Un déchirement horizontal plutôt qu’une secousse relève d’un réglage de synchronisation et non de cadence. Un moteur qui présente les images sans attendre la fin du tracé de l’écran produit une coupure visible, et activer la synchronisation verticale dans le lecteur ou le pilote la supprime.
Tout ce qui n’est pas la lecture
Une part des signalements ne concerne pas la vidéo. Un fichier diffusé depuis un partage réseau sans fil exige un débit soutenu que le sans-fil délivre par rafales, et la pause pendant le remplissage du tampon se lit comme une saccade. Copier le fichier en local et réessayer tranche en une étape.
La charge en arrière-plan compte plus qu’elle ne devrait. Un autre onglet lisant une vidéo, un client de synchronisation en cours d’envoi ou une analyse antivirus lisant le même disque se disputent tous les ressources dont la lecture a besoin. Les profils d’économie d’énergie des portables limitent délibérément la fréquence du processeur, et une machine qui lit un fichier sur secteur et saccade sur batterie fait exactement ce pour quoi elle a été configurée.
Rien de tout cela n’est une question de codec, ce qui mérite d’être dit clairement : un pack de codecs n’a jamais traité les questions de cadence, et en installer un pour corriger une saccade ajoute des composants sans toucher à la cause.
Questions fréquentes
Comment mesurer les images perdues au lieu de les deviner ?
Les deux principaux lecteurs exposent un compteur. MPC-HC affiche les images perdues dans sa superposition de statistiques, et mpv les rapporte avec l'affichage des statistiques activé. Un nombre qui grimpe régulièrement pendant la lecture confirme le problème et donne une référence à comparer après chaque modification.
Pourquoi un ordinateur puissant saccade-t-il sur un seul fichier ?
Parce que le coût se compte par image et non par machine. Un fichier 4K HEVC 10 bits à débit élevé peut exiger plus de travail par image qu'un processeur ne peut en fournir en temps réel, surtout si le décodage matériel n'est pas disponible pour cette combinaison précise et que tout retombe sur le logiciel.
Un son décalé signifie-t-il la même chose qu'une image saccadée ?

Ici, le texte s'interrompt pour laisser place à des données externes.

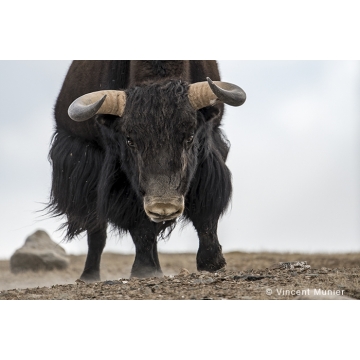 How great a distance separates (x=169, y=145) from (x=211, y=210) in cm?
149

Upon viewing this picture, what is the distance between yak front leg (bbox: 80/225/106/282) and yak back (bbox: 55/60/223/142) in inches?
64.3

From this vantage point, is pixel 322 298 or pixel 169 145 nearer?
pixel 322 298

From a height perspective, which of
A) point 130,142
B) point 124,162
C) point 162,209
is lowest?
point 162,209

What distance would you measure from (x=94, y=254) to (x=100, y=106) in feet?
11.0

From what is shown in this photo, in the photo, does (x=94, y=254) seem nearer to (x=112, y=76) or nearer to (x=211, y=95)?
(x=112, y=76)

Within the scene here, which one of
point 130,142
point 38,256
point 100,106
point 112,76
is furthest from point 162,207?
point 38,256

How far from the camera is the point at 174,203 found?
7.54 m

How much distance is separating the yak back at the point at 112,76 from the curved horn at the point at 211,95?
385 mm

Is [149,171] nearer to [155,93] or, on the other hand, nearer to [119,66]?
[155,93]

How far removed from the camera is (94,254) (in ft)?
36.4

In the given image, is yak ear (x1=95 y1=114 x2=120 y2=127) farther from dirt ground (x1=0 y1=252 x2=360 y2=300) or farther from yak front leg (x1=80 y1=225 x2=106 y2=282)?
yak front leg (x1=80 y1=225 x2=106 y2=282)

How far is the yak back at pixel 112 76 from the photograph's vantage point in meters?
8.71

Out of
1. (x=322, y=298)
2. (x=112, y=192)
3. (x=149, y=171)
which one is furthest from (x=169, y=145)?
(x=322, y=298)

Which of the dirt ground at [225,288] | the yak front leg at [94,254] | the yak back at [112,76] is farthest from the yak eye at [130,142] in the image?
the yak front leg at [94,254] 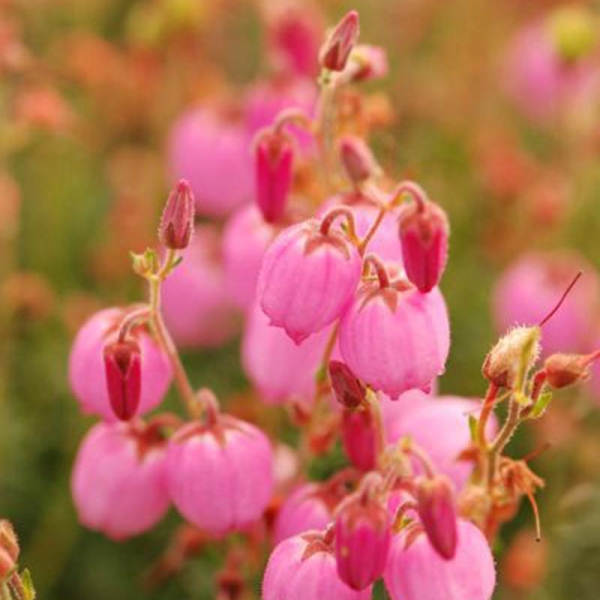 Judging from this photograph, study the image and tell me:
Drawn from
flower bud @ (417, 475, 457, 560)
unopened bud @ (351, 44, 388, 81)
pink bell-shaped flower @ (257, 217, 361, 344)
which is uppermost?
unopened bud @ (351, 44, 388, 81)

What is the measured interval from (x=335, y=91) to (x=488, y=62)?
1442mm

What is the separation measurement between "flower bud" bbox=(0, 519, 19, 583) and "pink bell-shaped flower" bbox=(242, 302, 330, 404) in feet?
1.10

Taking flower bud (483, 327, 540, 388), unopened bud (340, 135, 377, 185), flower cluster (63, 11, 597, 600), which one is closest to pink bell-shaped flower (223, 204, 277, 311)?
flower cluster (63, 11, 597, 600)

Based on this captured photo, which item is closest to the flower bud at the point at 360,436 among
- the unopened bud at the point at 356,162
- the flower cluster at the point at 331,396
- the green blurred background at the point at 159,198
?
the flower cluster at the point at 331,396

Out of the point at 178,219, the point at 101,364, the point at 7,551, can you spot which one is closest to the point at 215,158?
the point at 101,364

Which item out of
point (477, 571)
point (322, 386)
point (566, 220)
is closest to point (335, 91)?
point (322, 386)

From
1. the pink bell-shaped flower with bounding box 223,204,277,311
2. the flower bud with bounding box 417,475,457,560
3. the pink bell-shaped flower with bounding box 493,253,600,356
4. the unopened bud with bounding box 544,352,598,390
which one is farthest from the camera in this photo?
the pink bell-shaped flower with bounding box 493,253,600,356

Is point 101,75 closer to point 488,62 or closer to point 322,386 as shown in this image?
point 488,62

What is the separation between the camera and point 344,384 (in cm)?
101

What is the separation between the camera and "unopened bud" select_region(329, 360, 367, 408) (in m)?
1.01

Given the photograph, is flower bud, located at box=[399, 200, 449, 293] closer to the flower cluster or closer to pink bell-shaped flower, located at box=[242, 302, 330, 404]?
the flower cluster

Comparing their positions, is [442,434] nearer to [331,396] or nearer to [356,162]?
[331,396]

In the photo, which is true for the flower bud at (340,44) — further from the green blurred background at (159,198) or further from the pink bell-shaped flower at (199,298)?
the pink bell-shaped flower at (199,298)

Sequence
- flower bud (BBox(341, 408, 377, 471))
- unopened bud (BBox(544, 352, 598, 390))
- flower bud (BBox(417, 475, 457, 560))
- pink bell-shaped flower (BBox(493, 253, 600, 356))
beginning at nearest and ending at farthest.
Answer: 1. flower bud (BBox(417, 475, 457, 560))
2. unopened bud (BBox(544, 352, 598, 390))
3. flower bud (BBox(341, 408, 377, 471))
4. pink bell-shaped flower (BBox(493, 253, 600, 356)) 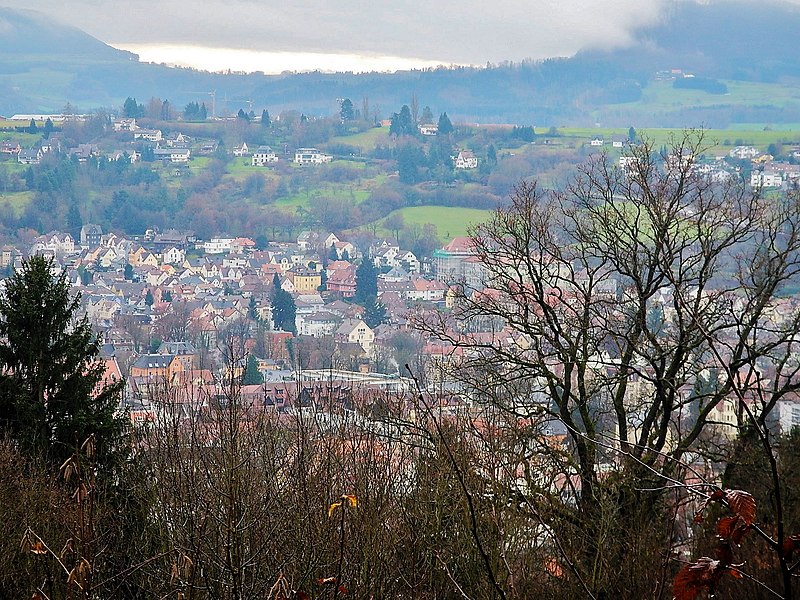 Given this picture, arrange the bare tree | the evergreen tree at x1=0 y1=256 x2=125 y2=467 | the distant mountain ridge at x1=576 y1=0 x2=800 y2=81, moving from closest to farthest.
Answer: the bare tree
the evergreen tree at x1=0 y1=256 x2=125 y2=467
the distant mountain ridge at x1=576 y1=0 x2=800 y2=81

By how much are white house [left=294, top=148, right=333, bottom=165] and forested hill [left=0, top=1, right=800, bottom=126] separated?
3622cm

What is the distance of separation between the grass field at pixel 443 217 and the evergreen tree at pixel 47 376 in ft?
196

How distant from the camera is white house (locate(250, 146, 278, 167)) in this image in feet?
312

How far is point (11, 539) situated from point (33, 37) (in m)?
207

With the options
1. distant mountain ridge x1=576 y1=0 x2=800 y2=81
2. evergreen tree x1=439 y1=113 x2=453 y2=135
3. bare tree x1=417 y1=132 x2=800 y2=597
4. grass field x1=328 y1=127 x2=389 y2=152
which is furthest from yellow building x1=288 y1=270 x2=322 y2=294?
distant mountain ridge x1=576 y1=0 x2=800 y2=81

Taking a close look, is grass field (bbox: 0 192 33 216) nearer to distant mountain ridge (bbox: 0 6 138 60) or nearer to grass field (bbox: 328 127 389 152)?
grass field (bbox: 328 127 389 152)

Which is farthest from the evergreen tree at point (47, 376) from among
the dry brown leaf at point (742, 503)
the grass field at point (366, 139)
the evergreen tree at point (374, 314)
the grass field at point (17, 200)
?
the grass field at point (366, 139)

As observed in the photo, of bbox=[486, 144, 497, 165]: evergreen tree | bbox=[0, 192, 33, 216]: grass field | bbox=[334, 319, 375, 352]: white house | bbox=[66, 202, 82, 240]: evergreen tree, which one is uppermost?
bbox=[486, 144, 497, 165]: evergreen tree

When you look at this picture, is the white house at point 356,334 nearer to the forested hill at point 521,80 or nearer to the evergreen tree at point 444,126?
the evergreen tree at point 444,126

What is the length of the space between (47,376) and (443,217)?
67.6 metres

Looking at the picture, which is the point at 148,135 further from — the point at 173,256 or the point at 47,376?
the point at 47,376

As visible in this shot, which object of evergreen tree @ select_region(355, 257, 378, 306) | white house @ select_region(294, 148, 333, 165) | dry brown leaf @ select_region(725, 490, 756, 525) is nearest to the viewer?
dry brown leaf @ select_region(725, 490, 756, 525)

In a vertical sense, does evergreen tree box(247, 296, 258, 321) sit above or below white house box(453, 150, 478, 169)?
below

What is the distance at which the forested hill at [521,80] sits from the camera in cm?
13362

Au début, oui. Une vidéo qui ne tient pas le rythme perd des images pour rester sur l'horloge, ou prend du retard sur elle, et le décalage est le second cas. En revanche, un décalage qui croît régulièrement depuis le début du fichier relève d'une cadence d'images erronée ou variable dans le conteneur, qu'aucune vitesse de décodage ne corrigera.
La lecture depuis un partage réseau change-t-elle quelque chose ?
Considérablement. Un fichier à débit élevé exige un flux soutenu, et une liaison sans fil le délivre par rafales. Une saccade qui ne survient que sur le réseau et jamais après copie du fichier en local est un problème de transport, et le décodeur fonctionne parfaitement du début à la fin.
Un onglet de navigateur peut-il faire saccader un lecteur séparé ?
Oui, et c'est l'une des causes invisibles les plus fréquentes. Un onglet en arrière-plan qui joue une animation ou une vidéo occupe la puce graphique et se dispute les mêmes blocs de décodage que le lecteur. Tout fermer et réessayer permet de distinguer une vraie limite matérielle d'une simple concurrence.
Pourquoi l'écran se figeait-il complètement sur les anciennes configurations ?
Un écran figé alors que le son continue désigne le moteur de rendu et non le décodeur. Un pilote graphique très ancien, ou qui n'a pas été rechargé après une mise à jour, met le rendu hors service en laissant le décodage intact. Basculer le lecteur sur son moteur le plus élémentaire le confirme en une manipulation.